【TiDB Usage Environment】Production environment
【TiDB Version】v4.0.9
【Encountered Problem】The cluster has 3 TiKV nodes. Through the monitoring panel, it is often seen that the CPU load of a single TiKV is higher than the other two, and the IO of a single TiKV is always at 100%.
【Reproduction Path】Operations performed that led to the problem
【Problem Phenomenon and Impact】
Causes system instability, and a single slow SQL can easily trigger an avalanche event. Recently, one of the TiKV’s CPU usage exceeded 90%, causing user system lag and generating a lot of dirty data. Attempting to restart a single TiKV node was ineffective. The entire cluster needed to be restarted to resume production.
【Attachments】
May I ask where to check the region metrics held by the TiKV nodes? If it’s in overview->tikv, the regions for all three machines are the same, max: 11.0K; current: 11.0K.
Yes. When the incident occurred last Sunday, I immediately checked the slow SQL, added indexes to the suspected queries, and made other optimizations.
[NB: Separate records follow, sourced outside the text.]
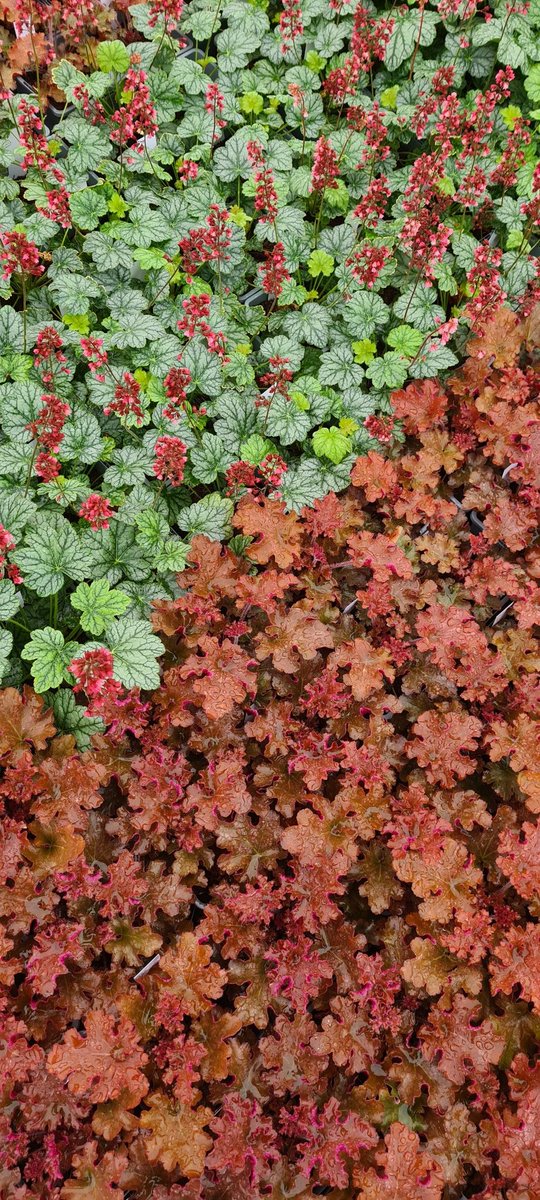 Heuchera Berry Timeless and Heuchera Gojiberry look lovely on the nursery today 😀
#heuchera #hookedonheucheras #gardeninginspiration #gardenideas #gardening #giftideas #evergreen #plantcolors #RHSmastergrower #RHSChelseaGoldmedallist #sunlovingplants #plantsforpollinators #bees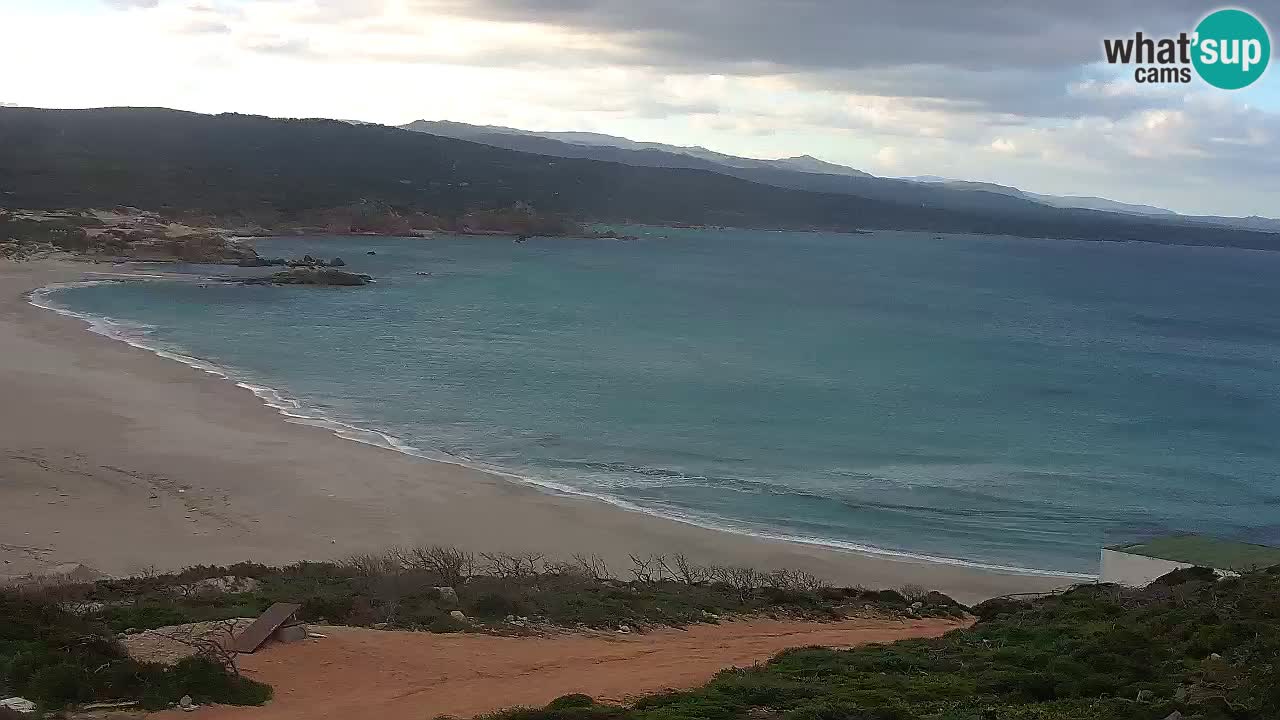 La Liccia beach webcam Rena Majore – Santa Teresa Gallura livecam Sardinia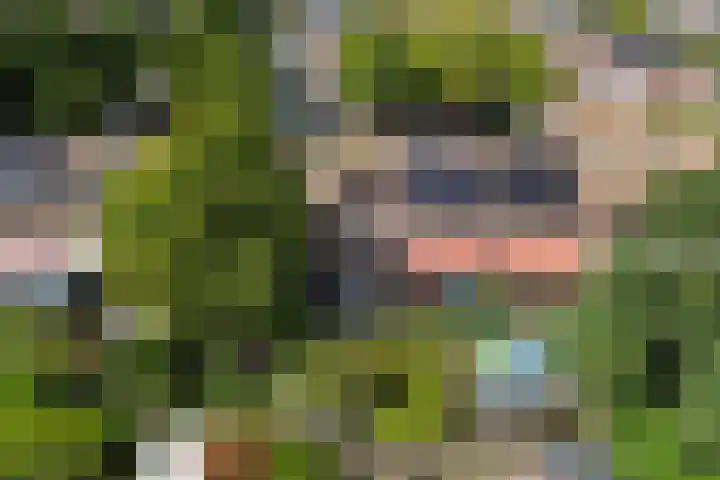 Brugwachtershoeve 17 Apeldoorn thumbnail 28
Then I doubled the CPU and memory for TiDB. MAX_EXECUTION_TIME is set at the session level in the application because analyze and adding indexes take more than 10 seconds. However, after observing for the past few days, it seems that the problem still exists and might be triggered again during the next peak period.
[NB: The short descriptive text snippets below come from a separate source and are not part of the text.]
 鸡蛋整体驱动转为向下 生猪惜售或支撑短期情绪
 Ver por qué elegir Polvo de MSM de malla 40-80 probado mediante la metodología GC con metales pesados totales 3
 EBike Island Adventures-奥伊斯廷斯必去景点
Causing system instability, a single slow SQL can easily trigger an avalanche event. Recently, one of the TiKV nodes had a CPU usage of over 90%, causing system lag for users and resulting in a lot of dirty data. Attempting to restart a single TiKV node was ineffective. The entire cluster had to be restarted to resume production.
Your method is incorrect and can easily lead to accidents.